Exercise instructions: Set down every record below exactly as it stands.

------

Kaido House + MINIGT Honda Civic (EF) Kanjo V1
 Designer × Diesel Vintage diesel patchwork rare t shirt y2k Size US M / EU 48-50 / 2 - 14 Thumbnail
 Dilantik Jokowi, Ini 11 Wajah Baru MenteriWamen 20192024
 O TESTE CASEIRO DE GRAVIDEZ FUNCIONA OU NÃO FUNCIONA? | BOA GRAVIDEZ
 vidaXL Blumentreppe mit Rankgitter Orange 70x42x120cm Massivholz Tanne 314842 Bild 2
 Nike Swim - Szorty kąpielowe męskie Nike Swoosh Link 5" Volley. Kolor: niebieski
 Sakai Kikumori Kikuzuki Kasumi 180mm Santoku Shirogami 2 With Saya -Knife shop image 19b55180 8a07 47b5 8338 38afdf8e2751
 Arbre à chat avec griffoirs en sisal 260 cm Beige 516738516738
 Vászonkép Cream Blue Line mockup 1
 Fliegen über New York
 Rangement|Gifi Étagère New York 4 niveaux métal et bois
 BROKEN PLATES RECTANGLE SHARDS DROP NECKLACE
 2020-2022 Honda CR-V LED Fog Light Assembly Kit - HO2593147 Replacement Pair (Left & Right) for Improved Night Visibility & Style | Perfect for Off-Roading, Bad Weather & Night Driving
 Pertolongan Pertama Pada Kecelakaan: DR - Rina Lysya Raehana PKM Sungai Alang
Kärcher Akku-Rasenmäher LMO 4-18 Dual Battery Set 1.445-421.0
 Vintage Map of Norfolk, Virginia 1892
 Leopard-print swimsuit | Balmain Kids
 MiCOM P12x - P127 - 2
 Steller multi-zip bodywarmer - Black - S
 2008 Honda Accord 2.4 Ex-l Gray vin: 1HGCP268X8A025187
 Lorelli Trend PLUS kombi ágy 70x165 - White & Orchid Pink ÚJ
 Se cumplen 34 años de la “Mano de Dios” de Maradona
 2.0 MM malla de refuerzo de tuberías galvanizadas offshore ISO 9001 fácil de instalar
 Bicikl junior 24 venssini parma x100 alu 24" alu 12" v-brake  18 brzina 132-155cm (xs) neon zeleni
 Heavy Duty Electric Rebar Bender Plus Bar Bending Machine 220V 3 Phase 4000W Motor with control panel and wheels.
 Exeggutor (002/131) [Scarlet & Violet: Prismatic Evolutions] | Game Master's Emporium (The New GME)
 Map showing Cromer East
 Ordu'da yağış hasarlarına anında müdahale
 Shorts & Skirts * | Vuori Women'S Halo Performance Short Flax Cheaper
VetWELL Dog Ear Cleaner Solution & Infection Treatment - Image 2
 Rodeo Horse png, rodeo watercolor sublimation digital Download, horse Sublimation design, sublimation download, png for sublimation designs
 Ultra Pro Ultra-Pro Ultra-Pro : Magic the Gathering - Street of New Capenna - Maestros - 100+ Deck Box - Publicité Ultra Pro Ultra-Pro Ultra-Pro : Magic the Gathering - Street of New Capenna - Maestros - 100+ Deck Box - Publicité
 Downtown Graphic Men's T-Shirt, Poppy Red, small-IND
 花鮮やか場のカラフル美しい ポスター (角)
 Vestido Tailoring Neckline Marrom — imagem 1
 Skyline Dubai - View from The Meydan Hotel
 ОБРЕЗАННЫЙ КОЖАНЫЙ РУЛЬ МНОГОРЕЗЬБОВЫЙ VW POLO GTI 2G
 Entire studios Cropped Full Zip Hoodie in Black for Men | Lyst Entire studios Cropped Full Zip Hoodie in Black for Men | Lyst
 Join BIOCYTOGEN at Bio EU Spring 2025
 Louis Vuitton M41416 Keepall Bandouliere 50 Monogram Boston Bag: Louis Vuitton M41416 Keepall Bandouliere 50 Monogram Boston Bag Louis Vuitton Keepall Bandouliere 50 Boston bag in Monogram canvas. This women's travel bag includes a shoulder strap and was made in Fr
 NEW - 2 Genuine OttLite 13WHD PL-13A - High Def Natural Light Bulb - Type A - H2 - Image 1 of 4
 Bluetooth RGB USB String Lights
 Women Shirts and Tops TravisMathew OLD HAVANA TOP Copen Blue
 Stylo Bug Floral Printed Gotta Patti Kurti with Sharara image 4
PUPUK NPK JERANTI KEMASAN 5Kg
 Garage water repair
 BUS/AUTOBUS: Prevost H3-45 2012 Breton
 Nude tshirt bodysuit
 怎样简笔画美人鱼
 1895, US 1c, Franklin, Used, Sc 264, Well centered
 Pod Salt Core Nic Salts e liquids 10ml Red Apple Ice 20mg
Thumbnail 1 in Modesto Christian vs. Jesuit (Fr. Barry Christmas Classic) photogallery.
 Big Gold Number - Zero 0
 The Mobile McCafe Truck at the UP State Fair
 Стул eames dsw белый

------

Answer to this exercise:
Kaido House + MINIGT Honda Civic (EF) Kanjo V1
 Designer × Diesel Vintage diesel patchwork rare t shirt y2k Size US M / EU 48-50 / 2 - 14 Thumbnail
 Dilantik Jokowi, Ini 11 Wajah Baru MenteriWamen 20192024
 O TESTE CASEIRO DE GRAVIDEZ FUNCIONA OU NÃO FUNCIONA? | BOA GRAVIDEZ
 vidaXL Blumentreppe mit Rankgitter Orange 70x42x120cm Massivholz Tanne 314842 Bild 2
 Nike Swim - Szorty kąpielowe męskie Nike Swoosh Link 5" Volley. Kolor: niebieski
 Sakai Kikumori Kikuzuki Kasumi 180mm Santoku Shirogami 2 With Saya -Knife shop image 19b55180 8a07 47b5 8338 38afdf8e2751
 Arbre à chat avec griffoirs en sisal 260 cm Beige 516738516738
 Vászonkép Cream Blue Line mockup 1
 Fliegen über New York
 Rangement|Gifi Étagère New York 4 niveaux métal et bois
 BROKEN PLATES RECTANGLE SHARDS DROP NECKLACE
 2020-2022 Honda CR-V LED Fog Light Assembly Kit - HO2593147 Replacement Pair (Left & Right) for Improved Night Visibility & Style | Perfect for Off-Roading, Bad Weather & Night Driving
 Pertolongan Pertama Pada Kecelakaan: DR - Rina Lysya Raehana PKM Sungai Alang
Kärcher Akku-Rasenmäher LMO 4-18 Dual Battery Set 1.445-421.0
 Vintage Map of Norfolk, Virginia 1892
 Leopard-print swimsuit | Balmain Kids
 MiCOM P12x - P127 - 2
 Steller multi-zip bodywarmer - Black - S
 2008 Honda Accord 2.4 Ex-l Gray vin: 1HGCP268X8A025187
 Lorelli Trend PLUS kombi ágy 70x165 - White & Orchid Pink ÚJ
 Se cumplen 34 años de la “Mano de Dios” de Maradona
 2.0 MM malla de refuerzo de tuberías galvanizadas offshore ISO 9001 fácil de instalar
 Bicikl junior 24 venssini parma x100 alu 24" alu 12" v-brake  18 brzina 132-155cm (xs) neon zeleni
 Heavy Duty Electric Rebar Bender Plus Bar Bending Machine 220V 3 Phase 4000W Motor with control panel and wheels.
 Exeggutor (002/131) [Scarlet & Violet: Prismatic Evolutions] | Game Master's Emporium (The New GME)
 Map showing Cromer East
 Ordu'da yağış hasarlarına anında müdahale
 Shorts & Skirts * | Vuori Women'S Halo Performance Short Flax Cheaper
VetWELL Dog Ear Cleaner Solution & Infection Treatment - Image 2
 Rodeo Horse png, rodeo watercolor sublimation digital Download, horse Sublimation design, sublimation download, png for sublimation designs
 Ultra Pro Ultra-Pro Ultra-Pro : Magic the Gathering - Street of New Capenna - Maestros - 100+ Deck Box - Publicité Ultra Pro Ultra-Pro Ultra-Pro : Magic the Gathering - Street of New Capenna - Maestros - 100+ Deck Box - Publicité
 Downtown Graphic Men's T-Shirt, Poppy Red, small-IND
 花鮮やか場のカラフル美しい ポスター (角)
 Vestido Tailoring Neckline Marrom — imagem 1
 Skyline Dubai - View from The Meydan Hotel
 ОБРЕЗАННЫЙ КОЖАНЫЙ РУЛЬ МНОГОРЕЗЬБОВЫЙ VW POLO GTI 2G
 Entire studios Cropped Full Zip Hoodie in Black for Men | Lyst Entire studios Cropped Full Zip Hoodie in Black for Men | Lyst
 Join BIOCYTOGEN at Bio EU Spring 2025
 Louis Vuitton M41416 Keepall Bandouliere 50 Monogram Boston Bag: Louis Vuitton M41416 Keepall Bandouliere 50 Monogram Boston Bag Louis Vuitton Keepall Bandouliere 50 Boston bag in Monogram canvas. This women's travel bag includes a shoulder strap and was made in Fr
 NEW - 2 Genuine OttLite 13WHD PL-13A - High Def Natural Light Bulb - Type A - H2 - Image 1 of 4
 Bluetooth RGB USB String Lights
 Women Shirts and Tops TravisMathew OLD HAVANA TOP Copen Blue
 Stylo Bug Floral Printed Gotta Patti Kurti with Sharara image 4
PUPUK NPK JERANTI KEMASAN 5Kg
 Garage water repair
 BUS/AUTOBUS: Prevost H3-45 2012 Breton
 Nude tshirt bodysuit
 怎样简笔画美人鱼
 1895, US 1c, Franklin, Used, Sc 264, Well centered
 Pod Salt Core Nic Salts e liquids 10ml Red Apple Ice 20mg
Thumbnail 1 in Modesto Christian vs. Jesuit (Fr. Barry Christmas Classic) photogallery.
 Big Gold Number - Zero 0
 The Mobile McCafe Truck at the UP State Fair
 Стул eames dsw белый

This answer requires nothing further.